Please write out all of the entries beneath this line exactly, skipping the pictures.
START Source records
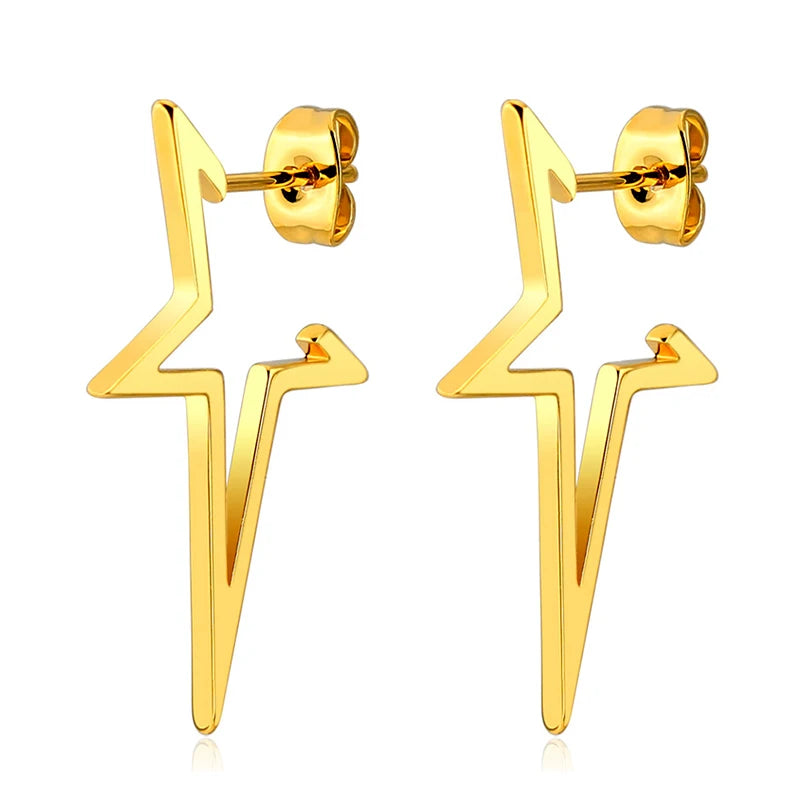 Fashion 18K Gold Silver Plated Stainless Steel Geometric Five-Pointed Star Pentagram Stud Earring Jewelry for Women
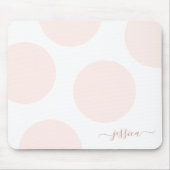 Blush Pink Polka Dot Simple Personated Muismat (Voorkant)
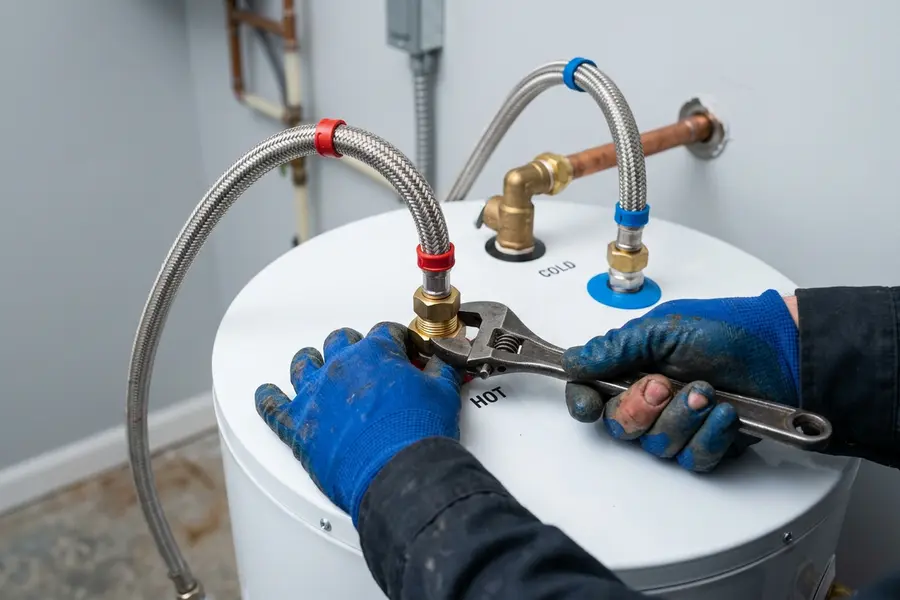 Water Heater Jockey technician installing a new water heater in Corinth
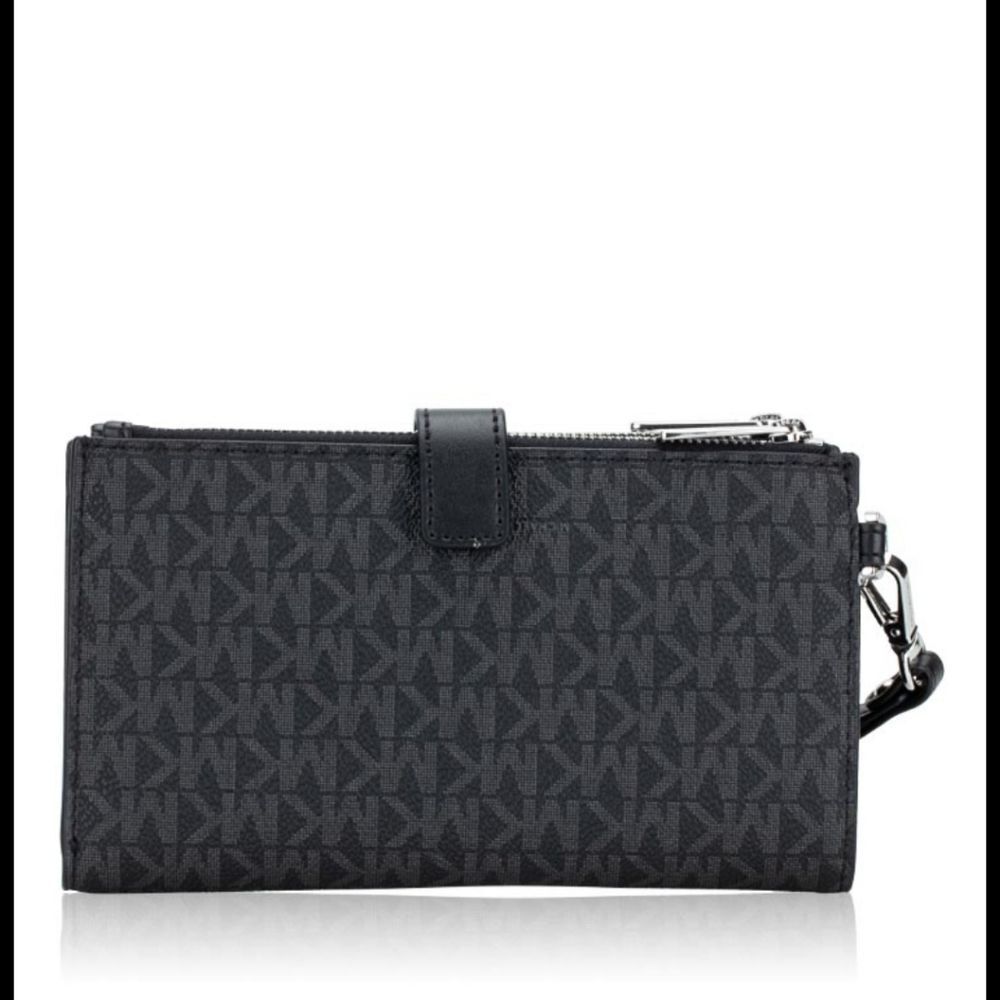 Michael Kors MK Logo Large Double Zip Wristlet - Picture 3 of 9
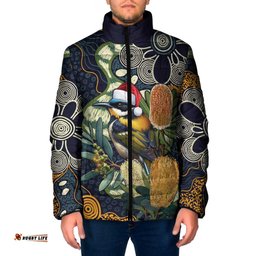 Aussie Honeyeaters Banksia Christmas Padded Jacket Aboriginal Dots Painting Blue Motif LT9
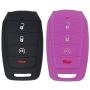WEIBISS 2 Pack 4 Buttons Rubber Silicone Smart Key Cover Case Shell Fob Holder Bag Keyless Protector Fit for Dodge Ram 1500 2019 2020 OHT-4882056 68401332AA, Black Purple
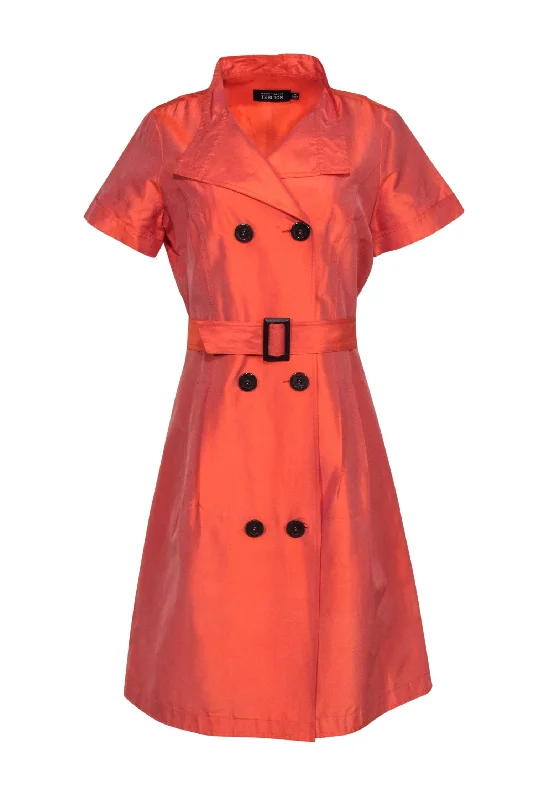 Teri Jon - Orange Silk Taffeta Fit & Flare Shirt Dress w/ Belt Sz 10 Loose Shirt Dress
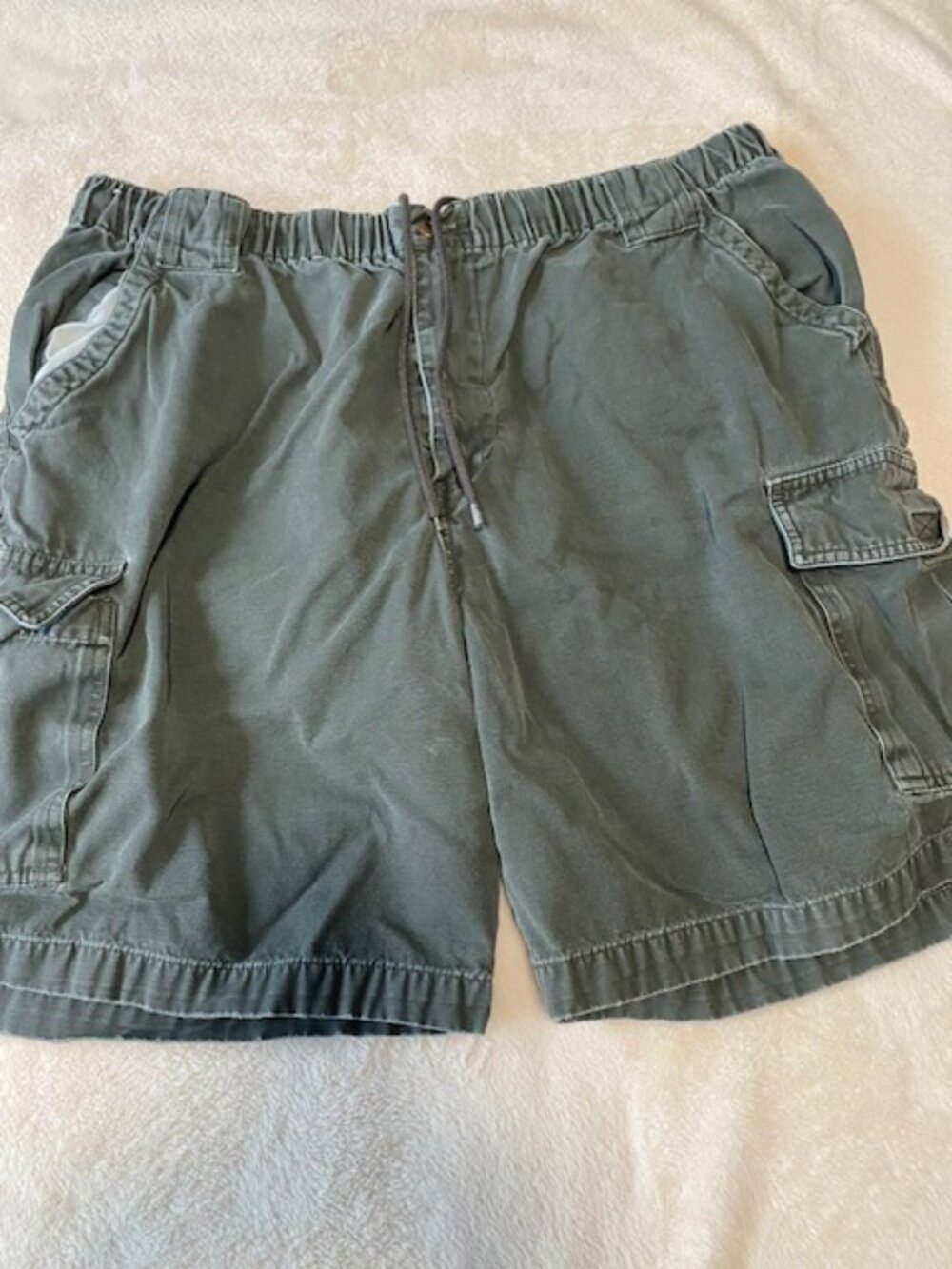 Cherokee Men's Cargo Shorts Size Large 38 Olive Green 100% Cotton Drawstring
END Source records
§ **Exercise response**
 Fashion 18K Gold Silver Plated Stainless Steel Geometric Five-Pointed Star Pentagram Stud Earring Jewelry for Women
 Blush Pink Polka Dot Simple Personated Muismat (Voorkant)
 Water Heater Jockey technician installing a new water heater in Corinth
 Michael Kors MK Logo Large Double Zip Wristlet - Picture 3 of 9
 Aussie Honeyeaters Banksia Christmas Padded Jacket Aboriginal Dots Painting Blue Motif LT9
WEIBISS 2 Pack 4 Buttons Rubber Silicone Smart Key Cover Case Shell Fob Holder Bag Keyless Protector Fit for Dodge Ram 1500 2019 2020 OHT-4882056 68401332AA, Black Purple
 Teri Jon - Orange Silk Taffeta Fit & Flare Shirt Dress w/ Belt Sz 10 Loose Shirt Dress
 Cherokee Men's Cargo Shorts Size Large 38 Olive Green 100% Cotton Drawstring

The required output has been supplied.